According to Courthouse News Service, a panel for the Ninth Circuit Court of Appeals sent down a ruling that a California federal judge made the correct decision in 2012 when he dismissed a shareholder lawsuit against Stan Lee seeking millions in profits and ownership of his Marvel co-creations.
Stan Lee Media has long insisted that between August 1998, when Marvel terminated Lee's $1 million-a-year lifetime contract, and November 1998, when he entered into a new agreement with the House of Ideas, the legendary creator signed over his likeness and the rights to all of the characters he co-created, Spider-Man, the Avengers, the X-Men, Hulk, Daredevil, etc., to Stan Lee Entertainment, which later merged with Stan Lee Media. That company in turned filed for bankruptcy in February 2001; it emerged from protection in November 2006, and within months, the first of numerous lawsuits (against Marvel, Lee, Disney and others) was filed.
Stan Lee Media has accused Lee of colluding with his late partner Arthur Lieberman, Marvel CEO Isaac Perlmutter, and former Marvel Studios President Avi Arad to hide and misappropriate financial interests in his creations, a claim that reemerged earlier this month in its contention before the Ninth Circuit after Judge Michael Daly Hawkins asked why the dot-com didn't list such valuable assets in its 1999 public filings or in its 2001 bankruptcy.
The collusion argument didn't sway the court, as its memorandum states that Stan Lee Media has failed to demonstrate Lee transferred any character rights.

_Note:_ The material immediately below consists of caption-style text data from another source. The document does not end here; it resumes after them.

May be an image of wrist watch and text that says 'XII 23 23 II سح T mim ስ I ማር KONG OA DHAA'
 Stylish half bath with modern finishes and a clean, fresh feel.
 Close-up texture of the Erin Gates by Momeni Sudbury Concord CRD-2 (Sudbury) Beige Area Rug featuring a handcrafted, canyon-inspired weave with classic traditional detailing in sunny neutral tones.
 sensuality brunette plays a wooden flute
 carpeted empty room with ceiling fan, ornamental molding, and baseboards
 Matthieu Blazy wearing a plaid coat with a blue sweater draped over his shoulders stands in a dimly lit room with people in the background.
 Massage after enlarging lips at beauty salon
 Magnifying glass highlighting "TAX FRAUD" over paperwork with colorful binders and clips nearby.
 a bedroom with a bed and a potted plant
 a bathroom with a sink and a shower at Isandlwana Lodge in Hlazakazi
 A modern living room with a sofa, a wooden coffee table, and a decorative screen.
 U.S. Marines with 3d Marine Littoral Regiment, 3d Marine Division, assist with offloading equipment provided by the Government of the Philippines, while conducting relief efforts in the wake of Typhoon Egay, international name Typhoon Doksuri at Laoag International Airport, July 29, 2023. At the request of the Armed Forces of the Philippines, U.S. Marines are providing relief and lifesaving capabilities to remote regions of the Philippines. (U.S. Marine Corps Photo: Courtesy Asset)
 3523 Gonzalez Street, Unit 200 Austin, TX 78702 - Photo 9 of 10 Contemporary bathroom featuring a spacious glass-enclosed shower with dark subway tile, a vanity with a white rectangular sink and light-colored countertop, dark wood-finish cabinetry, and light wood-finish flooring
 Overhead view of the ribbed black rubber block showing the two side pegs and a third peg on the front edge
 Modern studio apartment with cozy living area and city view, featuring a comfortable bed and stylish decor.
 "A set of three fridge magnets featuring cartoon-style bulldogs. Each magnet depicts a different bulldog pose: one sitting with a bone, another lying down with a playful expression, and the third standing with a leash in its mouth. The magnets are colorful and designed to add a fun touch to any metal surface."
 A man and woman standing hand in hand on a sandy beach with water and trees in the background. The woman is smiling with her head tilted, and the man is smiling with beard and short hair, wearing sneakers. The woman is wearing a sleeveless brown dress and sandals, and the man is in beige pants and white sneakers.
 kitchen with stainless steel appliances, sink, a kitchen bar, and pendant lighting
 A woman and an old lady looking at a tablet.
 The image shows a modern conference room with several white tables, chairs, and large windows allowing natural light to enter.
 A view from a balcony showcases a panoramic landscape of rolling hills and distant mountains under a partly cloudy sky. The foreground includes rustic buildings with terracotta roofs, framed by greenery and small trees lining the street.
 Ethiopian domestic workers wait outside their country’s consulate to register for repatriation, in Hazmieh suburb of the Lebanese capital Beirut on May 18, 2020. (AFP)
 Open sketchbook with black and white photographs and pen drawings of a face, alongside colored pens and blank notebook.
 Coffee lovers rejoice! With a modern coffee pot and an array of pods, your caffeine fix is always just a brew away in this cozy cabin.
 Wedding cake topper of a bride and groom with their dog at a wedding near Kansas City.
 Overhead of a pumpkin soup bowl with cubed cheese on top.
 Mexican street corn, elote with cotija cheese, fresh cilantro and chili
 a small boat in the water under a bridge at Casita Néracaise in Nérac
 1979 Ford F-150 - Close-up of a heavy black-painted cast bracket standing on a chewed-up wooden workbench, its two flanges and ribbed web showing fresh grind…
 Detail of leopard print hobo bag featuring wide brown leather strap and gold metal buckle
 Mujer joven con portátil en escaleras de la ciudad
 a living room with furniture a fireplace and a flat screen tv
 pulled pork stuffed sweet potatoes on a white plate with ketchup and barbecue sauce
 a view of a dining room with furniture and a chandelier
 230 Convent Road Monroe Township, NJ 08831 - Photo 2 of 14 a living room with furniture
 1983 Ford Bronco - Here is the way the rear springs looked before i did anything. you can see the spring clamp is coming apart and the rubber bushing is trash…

What's more, the court found it suspicious that between 1998 and the beginning of litigation in 2007, Stan Lee Media never announced its ownership of any of the lucrative Marvel characters, nor did it attempt to license them.
"Given the significant value of these franchises, SLMI's failure to publicize, protect, or exploit its right to profit from the characters establishes that these claims are simply implausible," the court wrote.
Stan Lee Media's legal efforts, which have been wholly unsuccessful to date, are backed by a group of investors that includes the $21 billion hedge fund Elliott Management.